Flag of Ghana
Ghana Flag Meaning
The Ghanaian flag has four different colors in the form of three horizontal bands, or lines, in red, yellow and green from above. In the middle of the flag is a black star. The first time the flag was adopted by Ghana was on March 6, 1957. The different colors of the flag symbolize and stand for several different things. The red color symbolizes the blood sacrificed in the country’s struggle for independence, the yellow color represents the finds the country has made in mines, and the green color represents, as it does in the flags of many other African countries, the forests. The black star stands for Africa as a free continent.
|Population density||80.9 residents/km2|
The land is covered by dense rainforest that has been cleared in some places to accommodate cocoa, coffee, banana and palm oil plantations. In the northern part of the country the vegetation is savanna. The rest of the country is flat with some ridges towards the border with Togo. The country’s most important river is Volta, which expands into an artificial lake at the Akossombo Dam. The climate is tropical with rain in the summer. The subsoil is rich in gold, diamonds, manganese and bauxite. In the northwestern corner of the country, the desert is spreading, and further south the land is plagued by deforestation.
The People: The Ghanaians belong to 7 different ethnic groups: the Ashantis and the fantasies, 44%, live in the central and southern part of the country; the ewes (13%) and ga-adangbe (8%), live in the south and southeast on both sides of the Volta River; the mole day bans (16%), live on the savannah to the north; guan (4%) and gurmas (3%) live in the valleys and highlands to the northeast.
Religion: Christians (50%), traditional religions (32%), Muslims (13%).
Language: English (official). Furthermore, ga, hausa, fantéewe, gaadanghe, akan, dagbandim and mapusi are spoken.
Political parties: The Progressive Alliance is a coalition of the Democratic National Congress, the National Convention and the Party of All Ghanaians in the World (EGLE), which supported Jerry Rawlings in the 1992 presidential election. The National National Convention is the overthrow of President Limann’s party and (theoretically) the heir to the country’s first president – N’Krumahs – ideas. The National Independent Party. The New Patriotic Party.
Social organizations: About 50 unions are gathered in the single organization Ghana’s Trade Union Congress. The women’s movement on December 31 is the female branch of the so-called ’31. December Revolution »and led by Nna Konadu Agyeman Rawlings, married to President Jerry Rawlings.

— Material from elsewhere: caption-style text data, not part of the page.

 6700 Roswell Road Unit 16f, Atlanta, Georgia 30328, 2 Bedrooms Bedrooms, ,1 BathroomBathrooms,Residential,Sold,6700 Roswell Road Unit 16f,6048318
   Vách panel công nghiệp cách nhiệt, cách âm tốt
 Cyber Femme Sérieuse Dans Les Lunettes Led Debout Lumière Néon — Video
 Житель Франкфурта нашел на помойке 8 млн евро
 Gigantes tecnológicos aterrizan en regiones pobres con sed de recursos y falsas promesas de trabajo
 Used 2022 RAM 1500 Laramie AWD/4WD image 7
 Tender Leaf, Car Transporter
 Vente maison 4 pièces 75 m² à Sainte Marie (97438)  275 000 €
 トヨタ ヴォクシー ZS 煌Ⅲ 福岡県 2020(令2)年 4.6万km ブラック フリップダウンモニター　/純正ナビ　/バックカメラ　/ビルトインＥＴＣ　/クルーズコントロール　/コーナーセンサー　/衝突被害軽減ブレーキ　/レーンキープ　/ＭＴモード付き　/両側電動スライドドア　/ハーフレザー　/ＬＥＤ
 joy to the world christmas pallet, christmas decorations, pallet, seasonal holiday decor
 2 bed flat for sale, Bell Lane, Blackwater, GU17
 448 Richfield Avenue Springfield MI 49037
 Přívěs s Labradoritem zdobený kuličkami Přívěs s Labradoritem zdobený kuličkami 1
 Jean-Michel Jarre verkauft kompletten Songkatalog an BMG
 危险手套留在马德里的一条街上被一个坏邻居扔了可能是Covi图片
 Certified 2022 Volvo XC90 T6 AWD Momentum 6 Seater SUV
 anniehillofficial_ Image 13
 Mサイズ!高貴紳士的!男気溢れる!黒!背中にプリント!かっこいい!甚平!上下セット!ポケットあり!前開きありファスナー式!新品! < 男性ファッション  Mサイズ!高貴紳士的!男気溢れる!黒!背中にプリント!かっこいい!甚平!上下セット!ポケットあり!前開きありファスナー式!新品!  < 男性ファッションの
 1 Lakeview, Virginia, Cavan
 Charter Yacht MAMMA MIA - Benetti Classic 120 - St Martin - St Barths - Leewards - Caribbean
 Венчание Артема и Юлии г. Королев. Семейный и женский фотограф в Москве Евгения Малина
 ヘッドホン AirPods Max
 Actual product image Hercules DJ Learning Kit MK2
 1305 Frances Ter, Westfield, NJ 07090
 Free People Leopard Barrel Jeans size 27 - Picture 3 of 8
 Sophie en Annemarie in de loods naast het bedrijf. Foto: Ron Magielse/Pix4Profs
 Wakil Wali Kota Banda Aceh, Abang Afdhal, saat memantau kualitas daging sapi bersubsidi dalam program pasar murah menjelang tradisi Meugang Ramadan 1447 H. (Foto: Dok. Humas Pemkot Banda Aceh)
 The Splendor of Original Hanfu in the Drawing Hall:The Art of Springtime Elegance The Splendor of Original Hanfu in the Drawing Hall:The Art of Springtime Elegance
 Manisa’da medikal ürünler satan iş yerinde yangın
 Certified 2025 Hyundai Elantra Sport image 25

Official Name: Republic of Ghana
Administrative breakdown: 10 regions subdivided into 110 districts
Capital: Accra, 1,847,000 (2003)
Other important cities: Kumasi, 906,400 residents; Tamale, 259,200 residents; Sekondi-Takoradi, 164,400 residents (2000)
Government: Nana Addo Dankwa Akufo-Addo, President, Head of State and Government since January 2017. The House has one chamber with 275 members elected by direct election for a four-year term. The current constitution was adopted on April 28, 1992.